No final do mês de maio, Fernando Barreto – sócio-fundador da Webcitizen – e Priscila Cortat – Diretora de Planejamento – estiveram presentes no Festival Path, um evento que mistura tecnologia, criatividade e empreendedorismo e estimula a troca de experiências em prol da inovação.

Convidados para palestrar, eles optaram por abordar um tema que já vem aquecendo os debates da esfera digital ao redor de todo o mundo: Como os algoritmos estão influenciando quase todas as informações que consumimos. Tema que tem sido debatido também em fóruns e estudos sobre política e democracia, levantando a questão de como os algoritmos podem impactar a formação de opinião dos cidadãos.

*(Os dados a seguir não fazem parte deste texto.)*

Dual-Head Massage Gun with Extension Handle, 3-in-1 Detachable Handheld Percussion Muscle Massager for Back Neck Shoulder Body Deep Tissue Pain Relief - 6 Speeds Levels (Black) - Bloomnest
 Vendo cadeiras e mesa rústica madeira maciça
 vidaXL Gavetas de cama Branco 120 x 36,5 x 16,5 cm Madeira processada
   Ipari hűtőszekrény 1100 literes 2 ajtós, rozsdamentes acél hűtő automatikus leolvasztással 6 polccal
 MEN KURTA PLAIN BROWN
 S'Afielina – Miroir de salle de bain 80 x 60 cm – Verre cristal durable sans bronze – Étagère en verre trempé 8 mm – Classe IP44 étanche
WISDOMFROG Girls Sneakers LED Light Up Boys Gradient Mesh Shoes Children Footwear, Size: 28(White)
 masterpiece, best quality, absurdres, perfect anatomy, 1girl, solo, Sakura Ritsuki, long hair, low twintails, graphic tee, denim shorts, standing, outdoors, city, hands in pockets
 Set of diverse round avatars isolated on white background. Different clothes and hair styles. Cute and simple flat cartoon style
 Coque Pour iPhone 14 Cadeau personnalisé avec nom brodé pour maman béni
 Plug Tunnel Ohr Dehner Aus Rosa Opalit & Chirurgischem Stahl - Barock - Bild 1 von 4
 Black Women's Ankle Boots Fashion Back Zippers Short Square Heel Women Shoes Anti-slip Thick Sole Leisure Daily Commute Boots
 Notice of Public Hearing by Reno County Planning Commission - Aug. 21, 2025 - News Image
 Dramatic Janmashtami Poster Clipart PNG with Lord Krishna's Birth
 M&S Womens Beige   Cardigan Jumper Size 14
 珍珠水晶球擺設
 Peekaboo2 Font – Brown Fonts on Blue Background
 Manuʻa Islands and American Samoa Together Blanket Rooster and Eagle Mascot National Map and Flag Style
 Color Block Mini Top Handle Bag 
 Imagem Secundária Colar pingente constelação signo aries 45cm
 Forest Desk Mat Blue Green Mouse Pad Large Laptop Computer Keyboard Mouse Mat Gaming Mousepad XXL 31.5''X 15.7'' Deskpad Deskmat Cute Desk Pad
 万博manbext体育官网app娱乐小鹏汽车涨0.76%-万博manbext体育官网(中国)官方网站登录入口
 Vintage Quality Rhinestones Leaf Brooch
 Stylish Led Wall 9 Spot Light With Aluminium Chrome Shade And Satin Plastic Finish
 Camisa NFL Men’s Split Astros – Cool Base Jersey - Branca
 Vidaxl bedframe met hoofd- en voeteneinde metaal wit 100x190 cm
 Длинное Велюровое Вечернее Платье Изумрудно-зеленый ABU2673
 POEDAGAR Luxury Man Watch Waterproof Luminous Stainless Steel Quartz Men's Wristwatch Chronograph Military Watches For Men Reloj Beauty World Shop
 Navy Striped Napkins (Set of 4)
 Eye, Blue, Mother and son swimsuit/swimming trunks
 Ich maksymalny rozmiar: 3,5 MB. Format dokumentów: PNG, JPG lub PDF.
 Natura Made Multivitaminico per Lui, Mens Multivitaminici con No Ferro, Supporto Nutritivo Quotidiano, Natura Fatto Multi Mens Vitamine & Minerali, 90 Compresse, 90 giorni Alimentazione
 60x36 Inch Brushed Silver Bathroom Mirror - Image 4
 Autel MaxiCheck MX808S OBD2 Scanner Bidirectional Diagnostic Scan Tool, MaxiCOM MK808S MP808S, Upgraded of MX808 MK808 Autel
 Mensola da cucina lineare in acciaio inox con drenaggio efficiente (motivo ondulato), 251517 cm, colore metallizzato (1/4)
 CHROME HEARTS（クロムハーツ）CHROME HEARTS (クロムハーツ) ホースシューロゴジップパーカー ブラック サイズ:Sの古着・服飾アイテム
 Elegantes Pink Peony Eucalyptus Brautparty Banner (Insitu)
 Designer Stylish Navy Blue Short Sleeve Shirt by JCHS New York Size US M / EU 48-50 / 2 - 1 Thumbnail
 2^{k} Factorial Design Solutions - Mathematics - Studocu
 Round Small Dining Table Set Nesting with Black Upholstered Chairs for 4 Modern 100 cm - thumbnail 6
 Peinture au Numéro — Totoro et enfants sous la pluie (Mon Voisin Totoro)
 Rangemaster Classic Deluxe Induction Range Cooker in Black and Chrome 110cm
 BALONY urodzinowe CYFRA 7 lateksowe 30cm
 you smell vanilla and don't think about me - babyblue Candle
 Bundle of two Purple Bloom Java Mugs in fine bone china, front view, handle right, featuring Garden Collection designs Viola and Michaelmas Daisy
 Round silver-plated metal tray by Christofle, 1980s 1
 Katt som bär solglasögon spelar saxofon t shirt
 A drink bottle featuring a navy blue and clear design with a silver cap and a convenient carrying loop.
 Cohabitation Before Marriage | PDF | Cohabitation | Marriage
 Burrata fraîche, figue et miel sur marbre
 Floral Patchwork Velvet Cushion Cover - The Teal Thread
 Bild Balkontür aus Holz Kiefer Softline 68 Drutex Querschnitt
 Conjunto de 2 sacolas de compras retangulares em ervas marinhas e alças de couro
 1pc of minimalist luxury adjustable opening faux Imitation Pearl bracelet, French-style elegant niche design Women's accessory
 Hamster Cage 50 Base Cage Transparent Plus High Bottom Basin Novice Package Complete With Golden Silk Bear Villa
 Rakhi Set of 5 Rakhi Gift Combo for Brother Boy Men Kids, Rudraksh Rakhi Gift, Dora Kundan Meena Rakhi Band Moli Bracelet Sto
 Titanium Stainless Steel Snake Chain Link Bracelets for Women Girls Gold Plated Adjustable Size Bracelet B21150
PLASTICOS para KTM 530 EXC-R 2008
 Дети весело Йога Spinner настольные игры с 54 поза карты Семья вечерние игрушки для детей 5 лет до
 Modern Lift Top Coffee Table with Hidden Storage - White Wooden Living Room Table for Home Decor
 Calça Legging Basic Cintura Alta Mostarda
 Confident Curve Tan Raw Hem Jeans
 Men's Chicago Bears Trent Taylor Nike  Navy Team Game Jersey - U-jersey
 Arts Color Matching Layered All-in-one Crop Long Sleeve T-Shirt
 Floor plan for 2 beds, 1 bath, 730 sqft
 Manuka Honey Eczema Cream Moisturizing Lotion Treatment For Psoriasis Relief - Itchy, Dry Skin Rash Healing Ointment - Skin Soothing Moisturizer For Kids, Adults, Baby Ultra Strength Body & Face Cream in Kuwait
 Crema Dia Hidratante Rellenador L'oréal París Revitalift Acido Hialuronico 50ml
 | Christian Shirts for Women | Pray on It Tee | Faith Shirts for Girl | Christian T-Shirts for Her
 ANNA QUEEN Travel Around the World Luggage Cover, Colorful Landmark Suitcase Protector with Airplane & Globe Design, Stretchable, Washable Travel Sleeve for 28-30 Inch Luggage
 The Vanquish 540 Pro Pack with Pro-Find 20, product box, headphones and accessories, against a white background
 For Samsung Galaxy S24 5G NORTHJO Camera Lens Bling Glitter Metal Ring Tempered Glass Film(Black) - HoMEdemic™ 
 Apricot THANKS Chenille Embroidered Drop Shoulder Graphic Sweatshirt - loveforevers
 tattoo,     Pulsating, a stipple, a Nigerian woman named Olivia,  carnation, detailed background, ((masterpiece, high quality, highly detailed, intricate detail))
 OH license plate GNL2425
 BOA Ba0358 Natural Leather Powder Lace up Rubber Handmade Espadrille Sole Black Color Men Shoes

Abaixo, reunimos os principais tópicos da palestra pra quem não pôde conferir o debate ao vivo.

Afinal, o que são os algoritmos?

Os algoritmos são programas de computador que organizam o conteúdo disponível na internet e determinam como as informações serão distribuídas. Sem os algoritmos seria quase impossível encontrar aquilo que você procura, ou seja, teríamos trilhões de dados soltos e sem escala de relevância. Os algoritmos são para a internet hoje, o que a dark matter é pro universo. Ou seja, os algoritmos criam relações entre todos os elementos disponíveis na rede, fazem com que os dados se posicionem, se diferenciem e criem interferência entre eles. Enfim, ajudam a internet a entender onde você está, a que perfil pertence e que resultado provavelmente está buscando.

Você já se perguntou como certos conteúdos chegam até você?
Quando perguntamos para as pessoas sobre como elas encontram informações importantes, é muito comum ouvirmos: Quando as noticias são importantes, elas me encontram… Facebook, Google, Twitter, Netflix, entre outras plataformas, analisam o comportamento online das pessoas para recomendar o que ‘parece’ ser mais interessante ou relevante para cada um de nós. Portanto é errado acreditar que o que você visualiza na sua timeline do Facebook corresponde a tudo o que seus amigos postam, ou que os resultados dos termos que você busca no Google, são os mesmos que aparecem para qualquer outro usuário da ferramenta.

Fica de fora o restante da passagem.